▶ [WHAT YOU HAVE TO DO]
Find the line with "Key Words with" in the records below, then please transcribe it and every later line exactly, omitting the pictures and adding nothing.

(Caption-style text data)
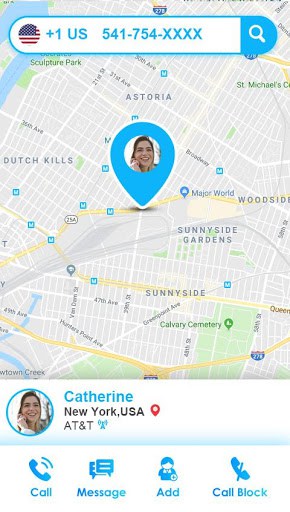 GPS路线查找器 screenshot 3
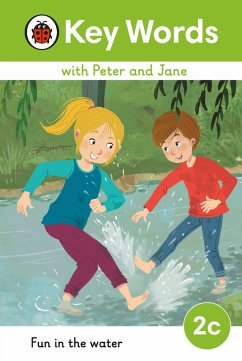 Key Words with Peter and Jane Level 2c - Fun In the Water (eBook, ePUB) - Ladybird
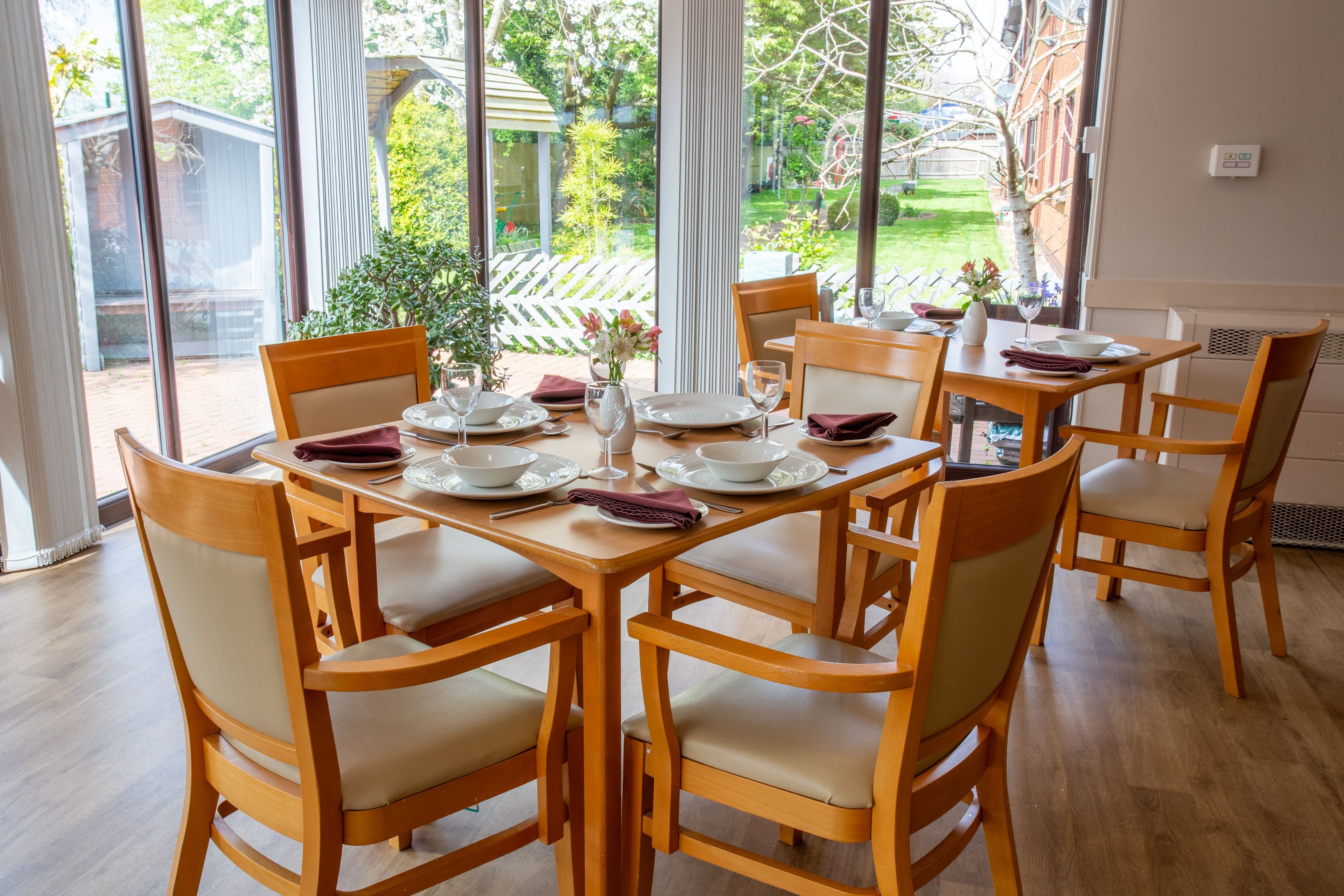 Bupa - Ashby Court care home - 004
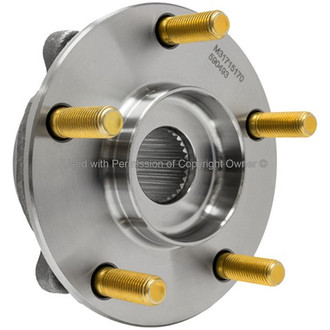 Quality-Built® - Wheel Bearing and Hub Assembly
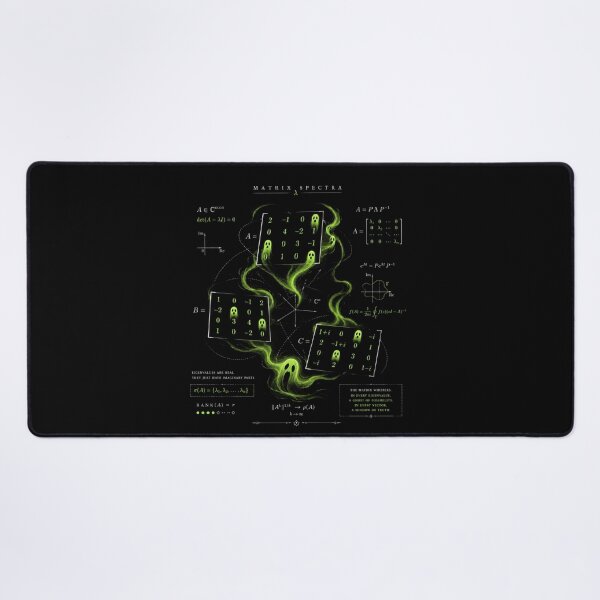 Item preview, Matrix Notation Horror designed and sold by Alpacatata.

▶ [ANSWER TO THE EXERCISE]
 Key Words with Peter and Jane Level 2c - Fun In the Water (eBook, ePUB) - Ladybird
 Bupa - Ashby Court care home - 004
 Quality-Built® - Wheel Bearing and Hub Assembly
 Item preview, Matrix Notation Horror designed and sold by Alpacatata.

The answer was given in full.